WORK INSTRUCTION.
Reproduce the entries that follow precisely, setting aside any images.

AVAILABLE DATA.
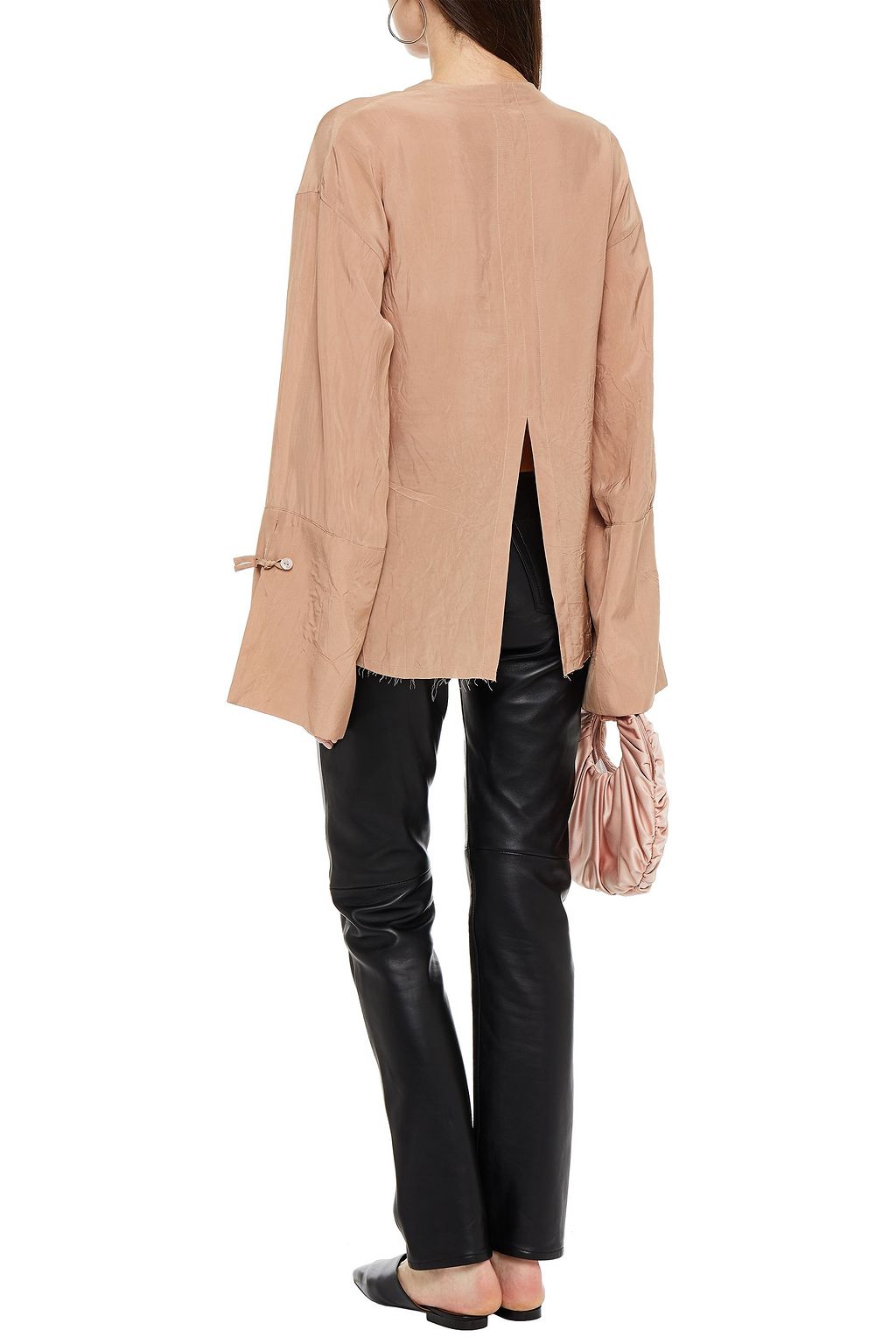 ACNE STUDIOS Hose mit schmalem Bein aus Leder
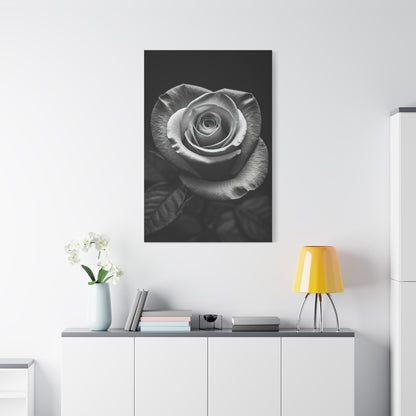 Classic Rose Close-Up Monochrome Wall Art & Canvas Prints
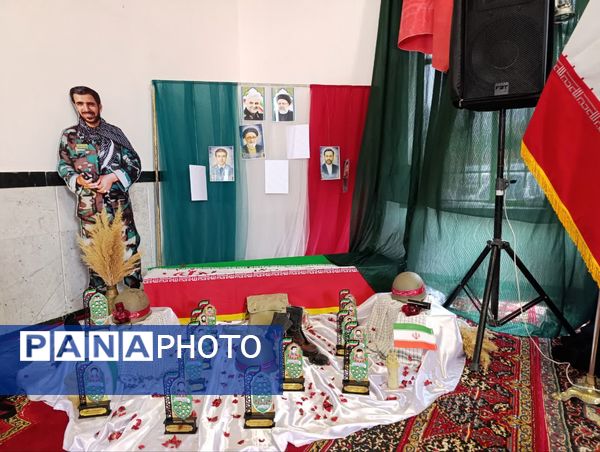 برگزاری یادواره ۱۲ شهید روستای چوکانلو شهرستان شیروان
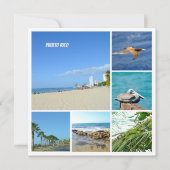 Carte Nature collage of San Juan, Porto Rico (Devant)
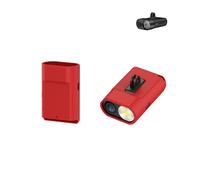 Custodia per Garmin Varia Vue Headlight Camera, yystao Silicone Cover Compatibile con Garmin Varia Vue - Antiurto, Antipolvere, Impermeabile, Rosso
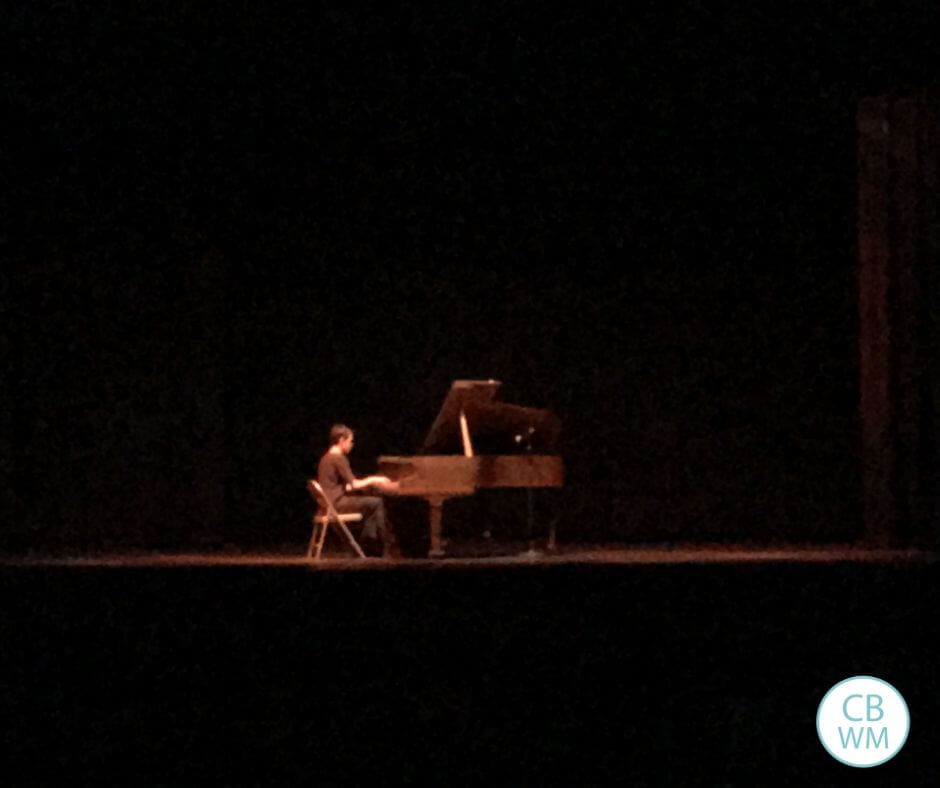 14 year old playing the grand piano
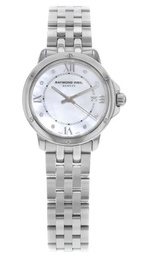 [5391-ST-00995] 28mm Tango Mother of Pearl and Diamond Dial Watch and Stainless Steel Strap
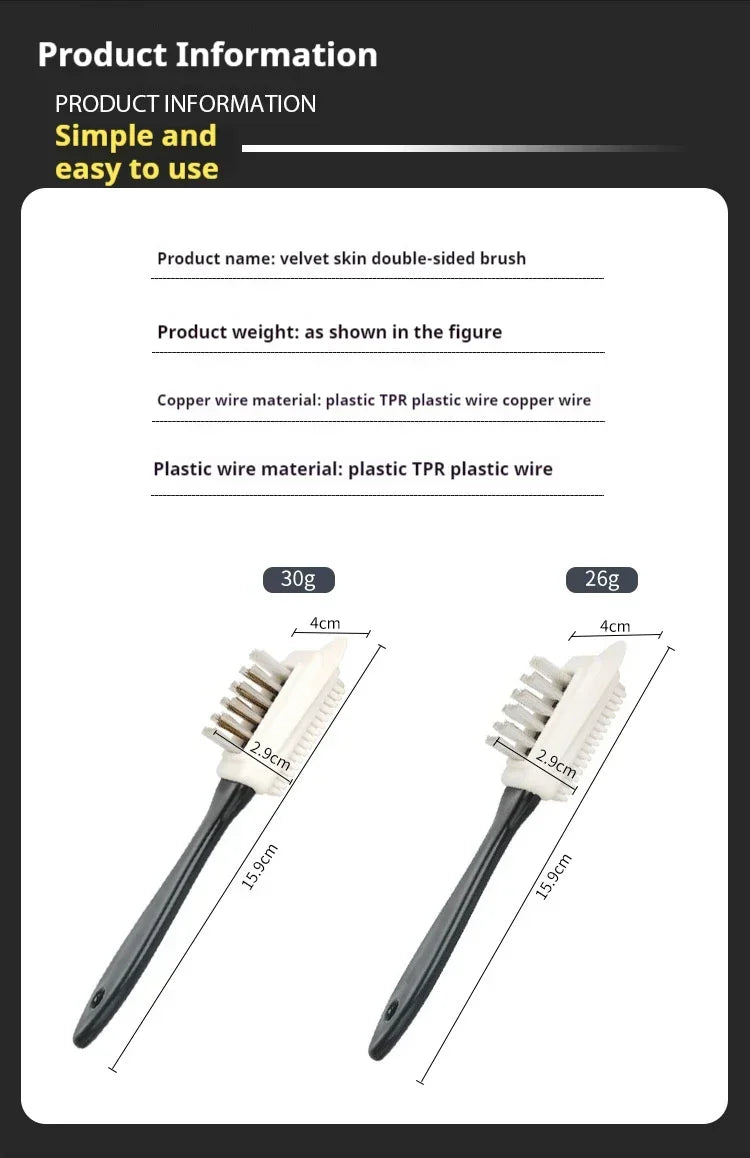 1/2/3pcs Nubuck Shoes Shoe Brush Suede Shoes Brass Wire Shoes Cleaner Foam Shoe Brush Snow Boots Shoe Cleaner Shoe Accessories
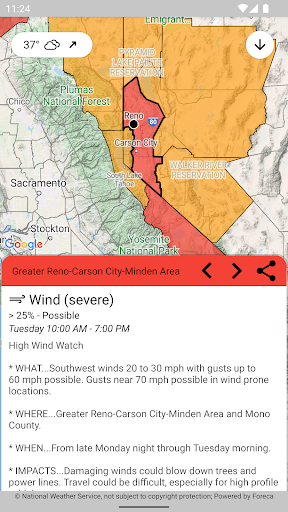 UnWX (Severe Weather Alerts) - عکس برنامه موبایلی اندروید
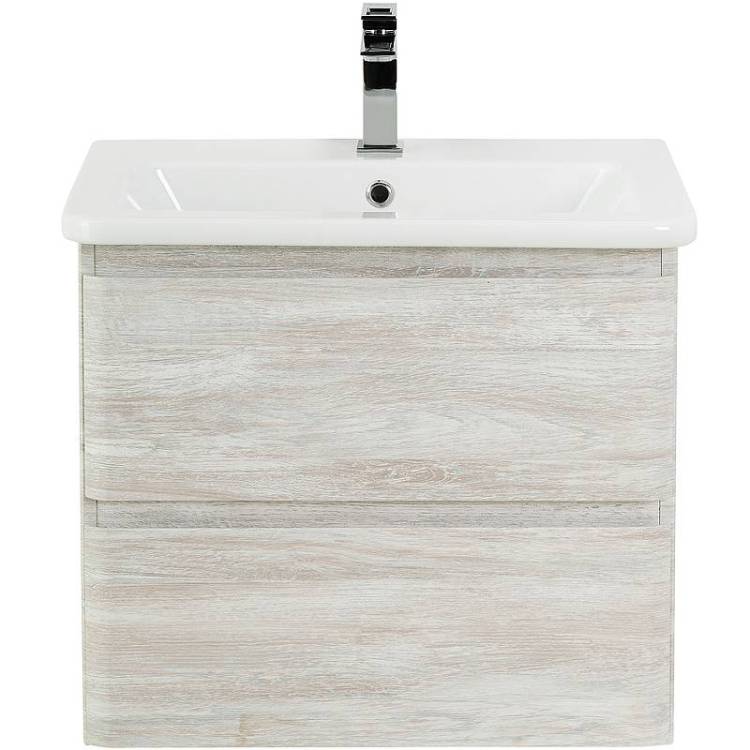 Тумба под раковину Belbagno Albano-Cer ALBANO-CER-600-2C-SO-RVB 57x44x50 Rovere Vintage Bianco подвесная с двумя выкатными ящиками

TASK RESPONSE.
 ACNE STUDIOS Hose mit schmalem Bein aus Leder
 Classic Rose Close-Up Monochrome Wall Art & Canvas Prints
 برگزاری یادواره ۱۲ شهید روستای چوکانلو شهرستان شیروان
 Carte Nature collage of San Juan, Porto Rico (Devant)
 Custodia per Garmin Varia Vue Headlight Camera, yystao Silicone Cover Compatibile con Garmin Varia Vue - Antiurto, Antipolvere, Impermeabile, Rosso
 14 year old playing the grand piano
 [5391-ST-00995] 28mm Tango Mother of Pearl and Diamond Dial Watch and Stainless Steel Strap
 1/2/3pcs Nubuck Shoes Shoe Brush Suede Shoes Brass Wire Shoes Cleaner Foam Shoe Brush Snow Boots Shoe Cleaner Shoe Accessories
 UnWX (Severe Weather Alerts) - عکس برنامه موبایلی اندروید
 Тумба под раковину Belbagno Albano-Cer ALBANO-CER-600-2C-SO-RVB 57x44x50 Rovere Vintage Bianco подвесная с двумя выкатными ящиками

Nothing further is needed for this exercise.